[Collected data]
---*---

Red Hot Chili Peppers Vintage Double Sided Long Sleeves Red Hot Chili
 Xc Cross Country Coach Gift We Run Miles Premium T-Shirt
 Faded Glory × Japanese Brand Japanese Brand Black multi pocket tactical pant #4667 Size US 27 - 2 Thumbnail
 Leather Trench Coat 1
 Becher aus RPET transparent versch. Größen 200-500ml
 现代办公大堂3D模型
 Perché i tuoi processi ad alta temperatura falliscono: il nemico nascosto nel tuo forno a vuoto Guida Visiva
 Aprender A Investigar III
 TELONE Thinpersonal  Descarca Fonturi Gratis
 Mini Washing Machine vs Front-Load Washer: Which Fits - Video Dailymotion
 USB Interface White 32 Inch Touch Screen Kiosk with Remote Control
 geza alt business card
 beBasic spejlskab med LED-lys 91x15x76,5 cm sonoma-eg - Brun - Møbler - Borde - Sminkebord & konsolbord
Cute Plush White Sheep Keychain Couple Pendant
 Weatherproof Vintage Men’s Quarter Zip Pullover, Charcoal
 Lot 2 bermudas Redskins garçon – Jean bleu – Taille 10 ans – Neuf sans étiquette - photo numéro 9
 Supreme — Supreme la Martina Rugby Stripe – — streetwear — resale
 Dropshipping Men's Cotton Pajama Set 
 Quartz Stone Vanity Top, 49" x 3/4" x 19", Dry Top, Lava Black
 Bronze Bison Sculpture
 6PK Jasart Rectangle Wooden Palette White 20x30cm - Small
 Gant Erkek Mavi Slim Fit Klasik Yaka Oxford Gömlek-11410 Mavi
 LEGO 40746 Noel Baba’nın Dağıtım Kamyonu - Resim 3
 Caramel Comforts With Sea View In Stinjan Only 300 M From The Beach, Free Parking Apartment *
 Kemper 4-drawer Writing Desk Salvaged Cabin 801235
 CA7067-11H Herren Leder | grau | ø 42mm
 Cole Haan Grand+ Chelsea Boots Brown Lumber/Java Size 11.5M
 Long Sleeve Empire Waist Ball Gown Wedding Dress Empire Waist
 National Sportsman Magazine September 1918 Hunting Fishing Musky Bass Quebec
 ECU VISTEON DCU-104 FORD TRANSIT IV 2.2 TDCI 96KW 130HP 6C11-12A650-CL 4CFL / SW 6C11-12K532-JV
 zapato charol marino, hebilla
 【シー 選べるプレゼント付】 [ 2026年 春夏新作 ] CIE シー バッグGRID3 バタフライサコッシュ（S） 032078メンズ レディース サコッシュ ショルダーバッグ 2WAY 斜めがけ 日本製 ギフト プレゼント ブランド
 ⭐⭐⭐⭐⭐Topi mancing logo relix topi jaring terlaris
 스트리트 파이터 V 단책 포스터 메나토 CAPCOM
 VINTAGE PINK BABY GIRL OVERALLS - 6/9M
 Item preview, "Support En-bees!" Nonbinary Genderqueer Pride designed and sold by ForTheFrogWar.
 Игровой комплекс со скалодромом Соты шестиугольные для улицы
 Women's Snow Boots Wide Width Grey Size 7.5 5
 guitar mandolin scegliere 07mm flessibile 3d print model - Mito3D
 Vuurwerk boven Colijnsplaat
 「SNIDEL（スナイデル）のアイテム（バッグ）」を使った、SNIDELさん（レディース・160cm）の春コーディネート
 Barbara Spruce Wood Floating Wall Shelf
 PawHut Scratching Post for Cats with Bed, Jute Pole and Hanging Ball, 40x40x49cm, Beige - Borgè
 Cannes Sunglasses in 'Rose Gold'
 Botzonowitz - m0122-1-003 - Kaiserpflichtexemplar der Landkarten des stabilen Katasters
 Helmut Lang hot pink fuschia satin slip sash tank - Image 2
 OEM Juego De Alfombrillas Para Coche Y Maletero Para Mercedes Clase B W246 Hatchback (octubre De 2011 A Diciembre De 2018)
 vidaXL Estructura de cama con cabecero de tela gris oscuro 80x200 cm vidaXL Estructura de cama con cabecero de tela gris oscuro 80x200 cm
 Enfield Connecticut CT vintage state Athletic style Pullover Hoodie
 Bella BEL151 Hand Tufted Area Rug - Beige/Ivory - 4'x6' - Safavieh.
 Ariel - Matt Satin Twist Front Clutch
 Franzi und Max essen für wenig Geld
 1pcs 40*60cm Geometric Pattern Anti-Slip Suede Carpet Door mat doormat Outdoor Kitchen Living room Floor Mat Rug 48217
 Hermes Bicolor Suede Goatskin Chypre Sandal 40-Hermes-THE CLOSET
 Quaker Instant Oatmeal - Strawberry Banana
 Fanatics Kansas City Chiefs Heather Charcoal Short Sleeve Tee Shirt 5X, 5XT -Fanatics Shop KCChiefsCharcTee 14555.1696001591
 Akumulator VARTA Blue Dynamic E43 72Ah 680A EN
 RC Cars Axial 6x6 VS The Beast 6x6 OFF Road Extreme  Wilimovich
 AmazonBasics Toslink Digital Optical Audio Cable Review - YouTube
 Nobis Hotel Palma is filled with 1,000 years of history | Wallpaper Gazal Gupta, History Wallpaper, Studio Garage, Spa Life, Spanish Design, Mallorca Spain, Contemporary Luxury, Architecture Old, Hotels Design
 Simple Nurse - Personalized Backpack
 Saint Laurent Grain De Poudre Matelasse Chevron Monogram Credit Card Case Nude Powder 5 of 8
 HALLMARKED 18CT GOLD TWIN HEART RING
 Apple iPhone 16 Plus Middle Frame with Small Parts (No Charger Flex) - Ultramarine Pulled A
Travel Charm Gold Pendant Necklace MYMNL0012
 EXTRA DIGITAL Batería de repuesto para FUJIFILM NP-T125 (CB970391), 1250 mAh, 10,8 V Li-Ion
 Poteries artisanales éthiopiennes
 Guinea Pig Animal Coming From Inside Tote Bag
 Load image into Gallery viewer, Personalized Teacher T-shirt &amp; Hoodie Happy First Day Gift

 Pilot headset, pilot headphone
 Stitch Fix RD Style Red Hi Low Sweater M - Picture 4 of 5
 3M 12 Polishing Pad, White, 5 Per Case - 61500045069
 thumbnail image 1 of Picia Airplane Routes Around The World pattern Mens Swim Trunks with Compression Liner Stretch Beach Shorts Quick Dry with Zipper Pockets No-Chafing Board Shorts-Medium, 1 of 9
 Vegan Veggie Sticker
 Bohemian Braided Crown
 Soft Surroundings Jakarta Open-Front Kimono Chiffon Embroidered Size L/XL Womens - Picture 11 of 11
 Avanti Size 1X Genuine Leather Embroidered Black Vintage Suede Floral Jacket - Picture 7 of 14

---*---

The answer consists of the lines above that include the word "Beige", each copied exactly.

## Written reply
 PawHut Scratching Post for Cats with Bed, Jute Pole and Hanging Ball, 40x40x49cm, Beige - Borgè
 Bella BEL151 Hand Tufted Area Rug - Beige/Ivory - 4'x6' - Safavieh.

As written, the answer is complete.